July 18, 2007
FBI Uses Home Grown Spyware to Catch Student Bomb Threat Maker
Ever wonder how technically capable the FBI could be in bugging computers? Then check out the report in Wired over how they planted software on a 15 year old's computer in a bomb threat case. Josh Glazebrook was a student at Timberline High in Washington state. He sent harassing email to fellow students via a hacked server in Italy and set up a bomb threat page on MySpace, actually calling it Timberlinebombinfo.
The FBI got a court order allowing the agency to use a program it calls CIPAV, or computer and Internet protocol address verifier.
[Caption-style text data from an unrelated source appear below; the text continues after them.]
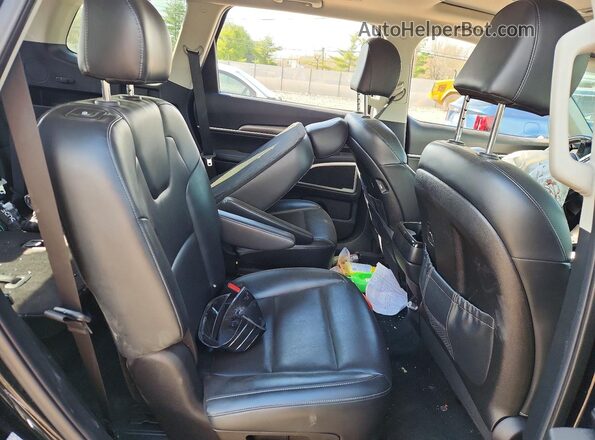 5XYP6DHC8NG201102 2022 KIA TELLURIDE Black Widok wnętrza z tyłu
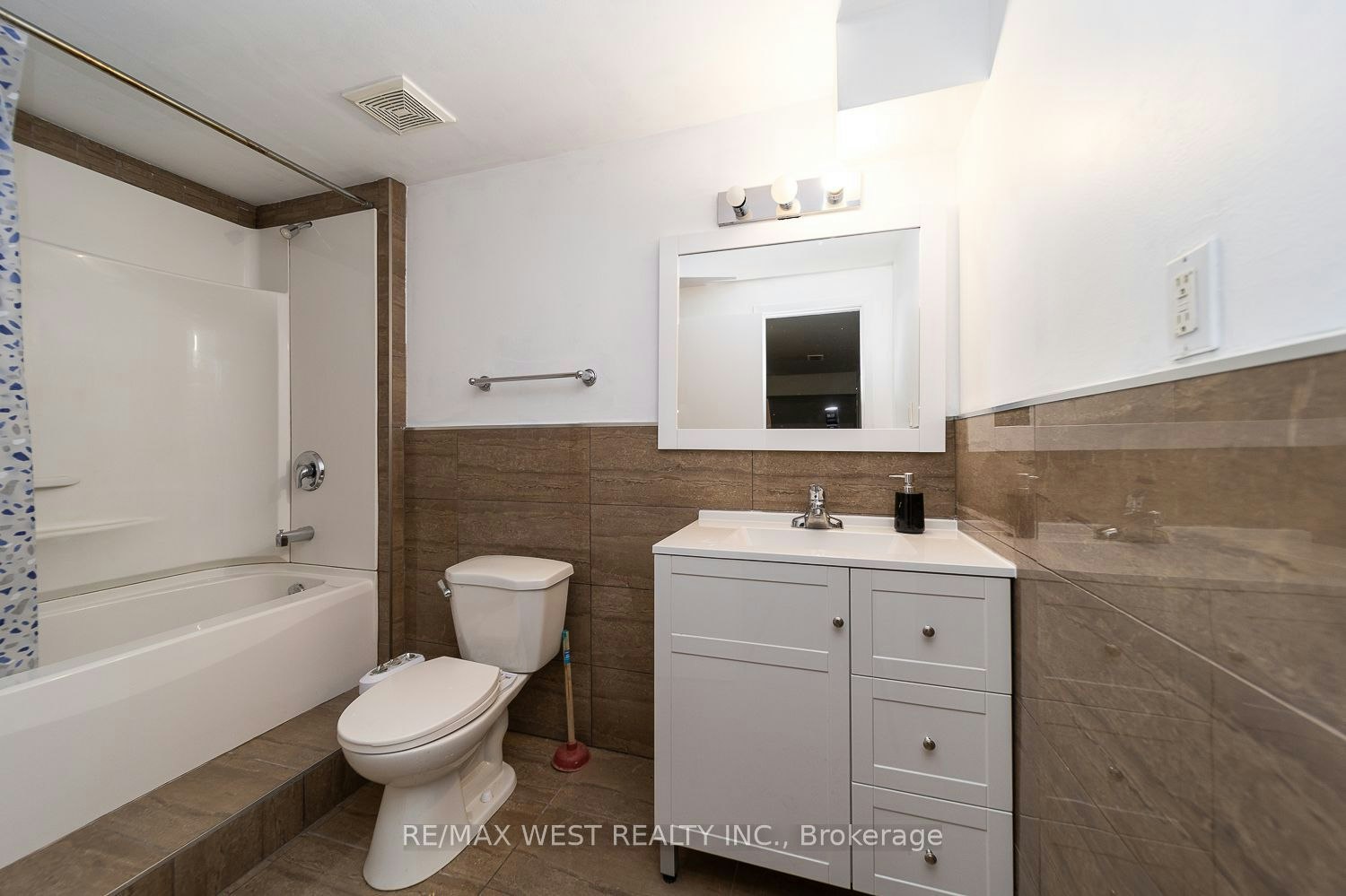 2534 Palisander Avenue, Mississauga, ON, L5B 2L2 - 5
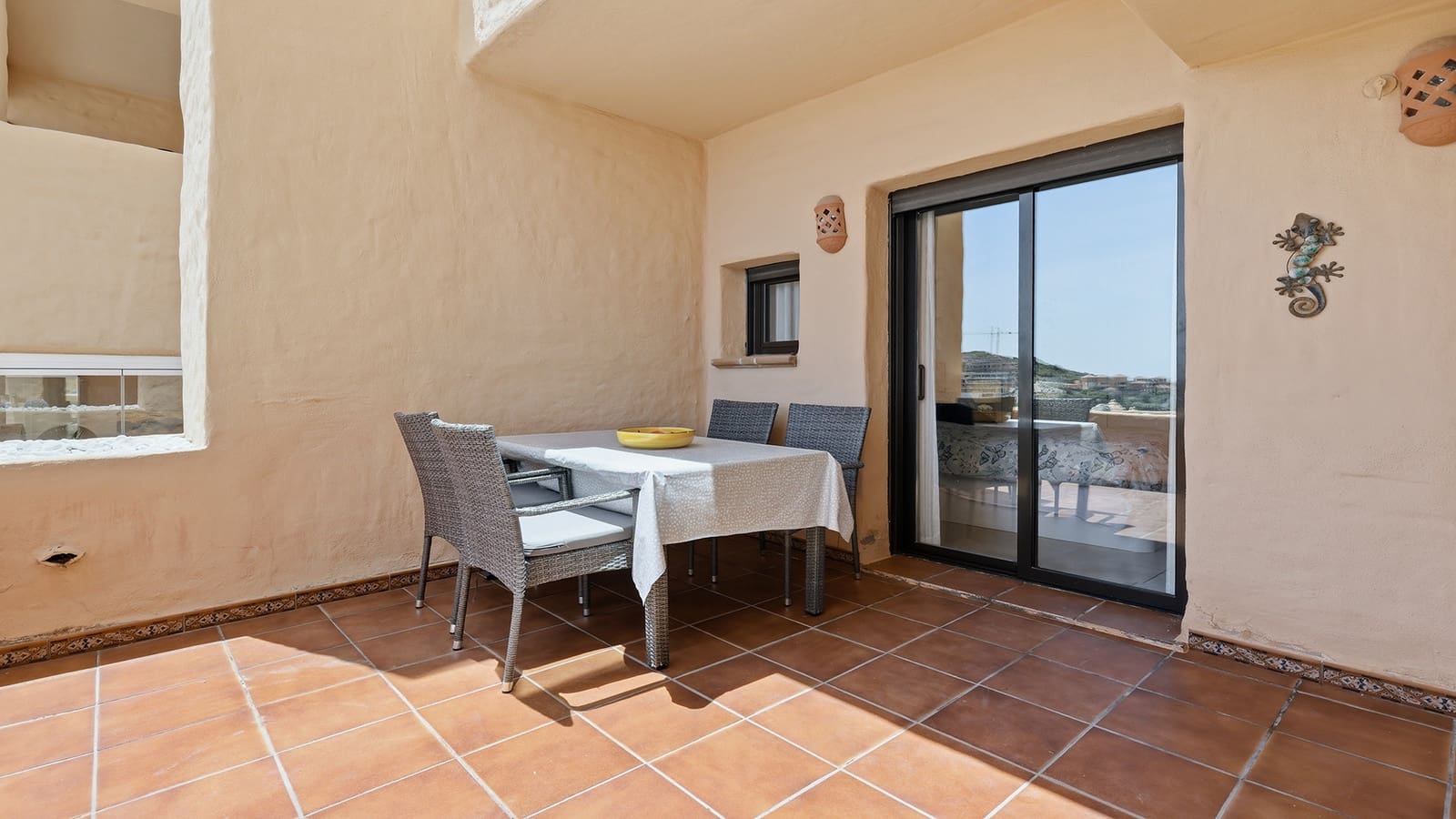 2 bedroom Apartment for sale in San Luis de Sabinillas with pool garage - € 329,000 (Ref: 9865014)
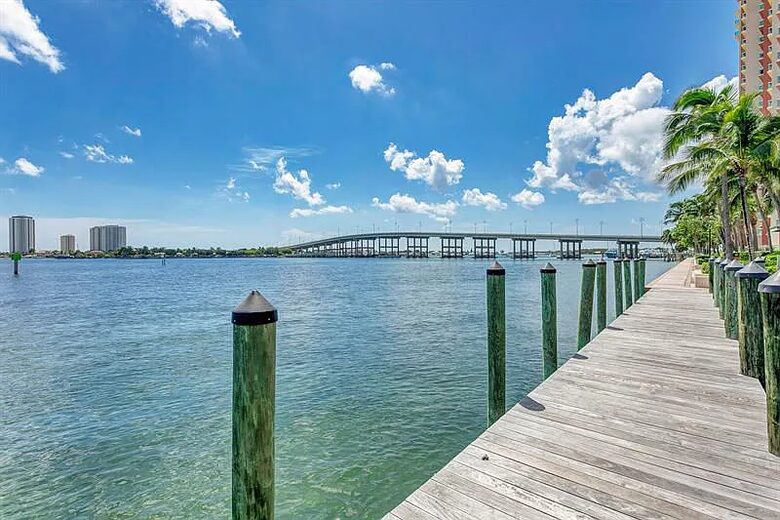 Palm Beach Marina Grande Retreat - Riviera Beach, Florida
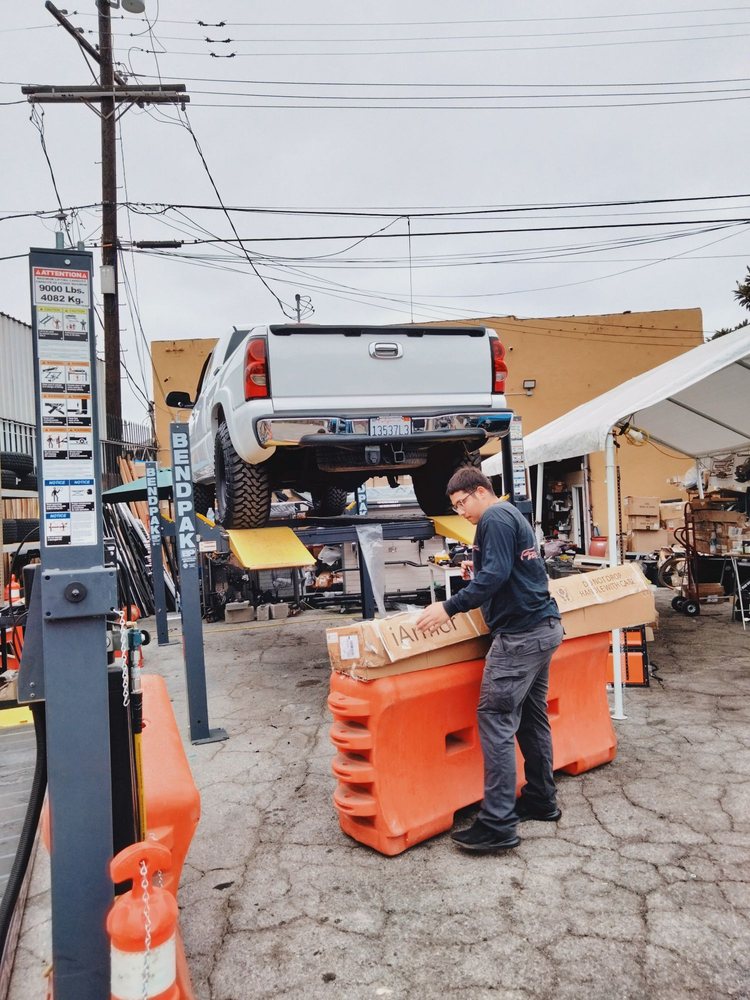 LA TOTAL AUTO PARTS with photos Updated August 2024 12 Photos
According to the FBI affidavit obtained by Wired, the program acts like spyware and can obtain the following information (and more, apparently):
- IP address
MAC address of ethernet cards
- A list of open TCP and UDP ports
- A list of running programs
- The operating system type, version and serial number
- The default Internet browser and version
- The registered user of the operating system, and registered company name, if any
- The current logged-in user name
- The last visited URL
The kid was ultimately identified and arrested through information gathered through the program. Glazebrook's attorney tried to minimize his client's activity with the "ha ha, just kidding" defense. The penalty so far is 90 days in jail and two years of probation with restrictions on computer use.
The real focus of the story is on the actual capability of the FBI and how its "spyware" approach to electronic investigation may compromise security companies who root out this type of attack for clients. The FBI is not kidding when it comes to electronic surveillance. We've come a long way from keyloggers.